Re: [RFC 09/26] mm, slub: move disabling/enabling irqs to ___slab_alloc()

Vlastimil Babka <vbabka@xxxxxxx> · Tue, 25 May 2021 14:47:10 +0200

On 5/25/21 2:35 PM, Mel Gorman wrote:
> On Tue, May 25, 2021 at 01:39:29AM +0200, Vlastimil Babka wrote:
>> Currently __slab_alloc() disables irqs around the whole ___slab_alloc().  This
>> includes cases where this is not needed, such as when the allocation ends up in
>> the page allocator and has to awkwardly enable irqs back based on gfp flags.
>> Also the whole kmem_cache_alloc_bulk() is executed with irqs disabled even when
>> it hits the __slab_alloc() slow path, and long periods with disabled interrupts
>> are undesirable.
>> 
>> As a first step towards reducing irq disabled periods, move irq handling into
>> ___slab_alloc(). Callers will instead prevent the s->cpu_slab percpu pointer
>> from becoming invalid via migrate_disable(). This does not protect against
>> access preemption, which is still done by disabled irq for most of
>> ___slab_alloc().
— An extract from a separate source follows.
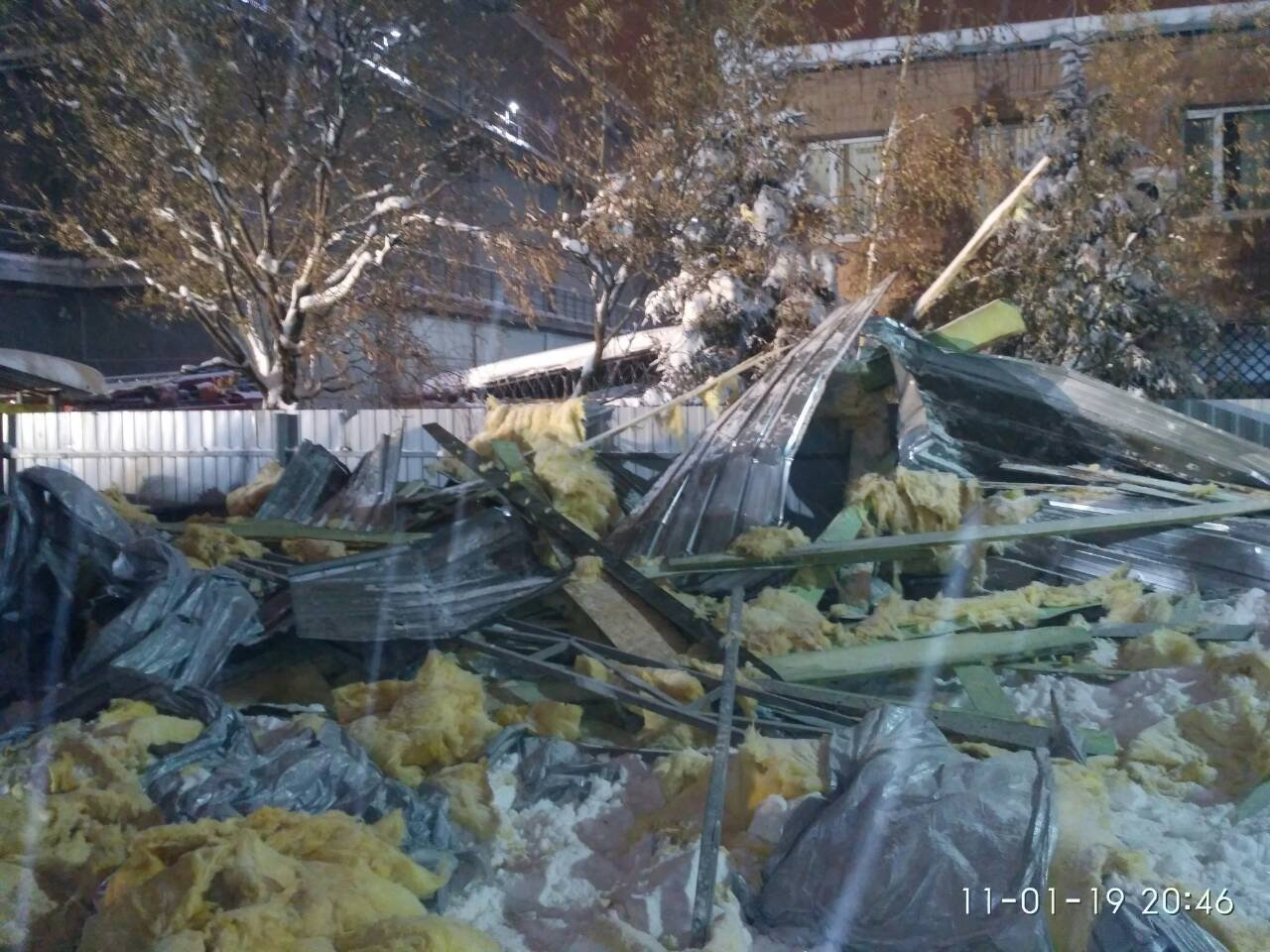 По данным местных СМИ, причиной обвала стало давление снега на крышу киоска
As the small immediate benefit, slab_out_of_memory() call from
>> ___slab_alloc() is now done with irqs enabled.
>> 
>> kmem_cache_alloc_bulk() disables irqs for its fastpath and then re-enables them
>> before calling ___slab_alloc(), which then disables them at its discretion. The
>> whole kmem_cache_alloc_bulk() operation also disables cpu migration.
>> 
>> When  ___slab_alloc() calls new_slab() to allocate a new page, re-enable
>> preemption, because new_slab() will re-enable interrupts in contexts that allow
>> blocking.
>> 
>> The patch itself will thus increase overhead a bit due to disabled migration
>> and increased disabling/enabling irqs in kmem_cache_alloc_bulk(), but that will
>> be gradually improved in the following patches.
>> 
>> Signed-off-by: Vlastimil Babka <vbabka@xxxxxxx>
> 
> Why did you use migrate_disable instead of preempt_disable? There is a
> fairly large comment in include/linux/preempt.h on why migrate_disable
> is undesirable so new users are likely to be put under the microscope
> once Thomas or Peter notice it.

I understood it as while undesirable, there's nothing better for now.
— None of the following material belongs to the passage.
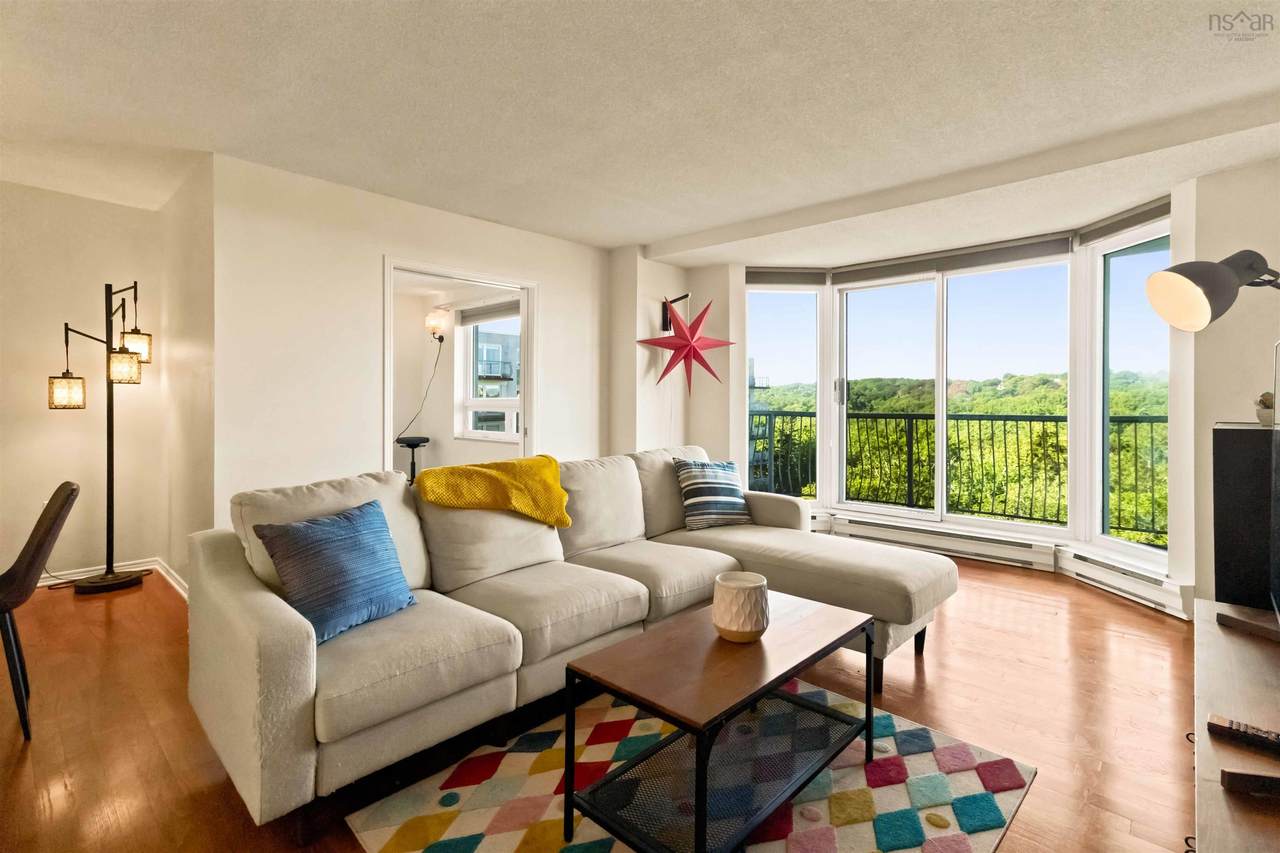 30 Brookdale Crescent - Photo 1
> I think you are using it so that an allocation request can be preempted by
> a higher priority task but given that the code was disabling interrupts,
> there was already some preemption latency.

Yes, and the disabled interrupts will get progressively "smaller" in the series.
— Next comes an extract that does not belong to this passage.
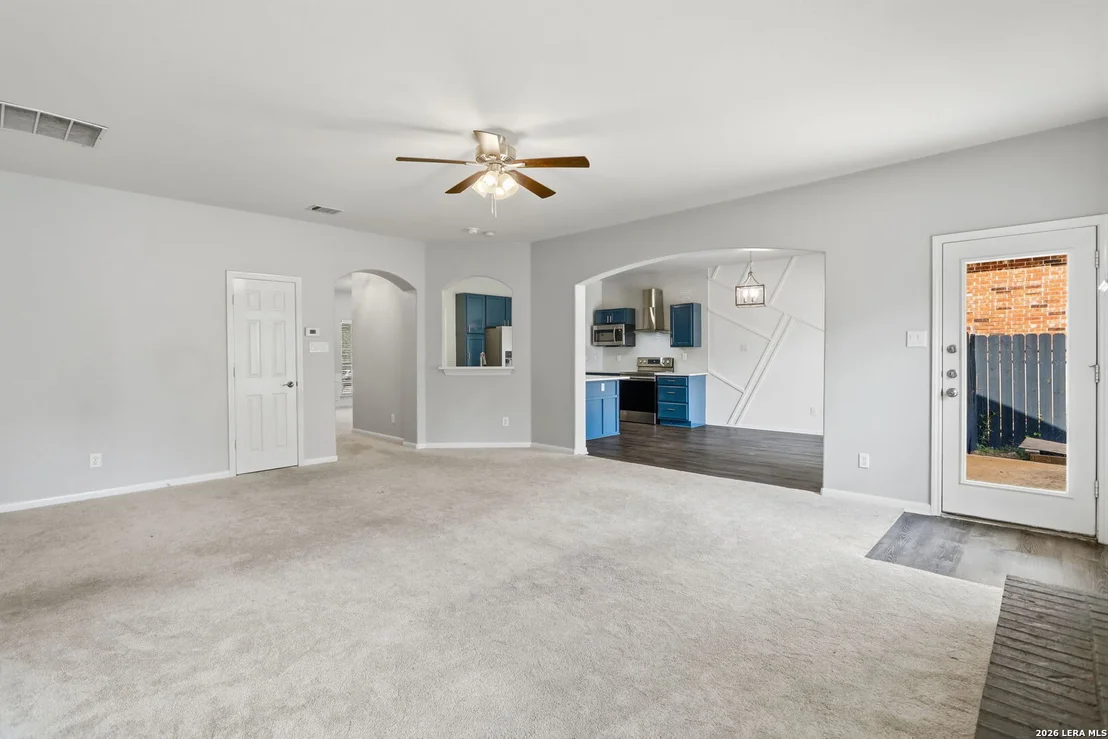 Photo of 123 Impala Cir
> However, migrate_disable
> is more expensive than preempt_disable (function call versus a simple
> increment).

That's true, I think perhaps it could be reimplemented so that on !PREEMPT_RT
and with no lockdep/preempt/whatnot debugging it could just translate to an
inline migrate_disable?

> On that basis, I'd recommend starting with preempt_disable
> and only using migrate_disable if necessary.

That's certainly possible and you're right it would be a less disruptive step.
My thinking was that on !PREEMPT_RT it's actually just preempt_disable (however
with the call overhead currently), but PREEMPT_RT would welcome the lack of
preempt disable. I'd be interested to hear RT guys opinion here.

> Bonus points for adding a comment where ___slab_alloc disables IRQs to
> clarify what is protected -- I assume it's protecting kmem_cache_cpu
> from being modified from interrupt context. If so, it's potentially a
> local_lock candidate.

Yeah that gets cleared up later :)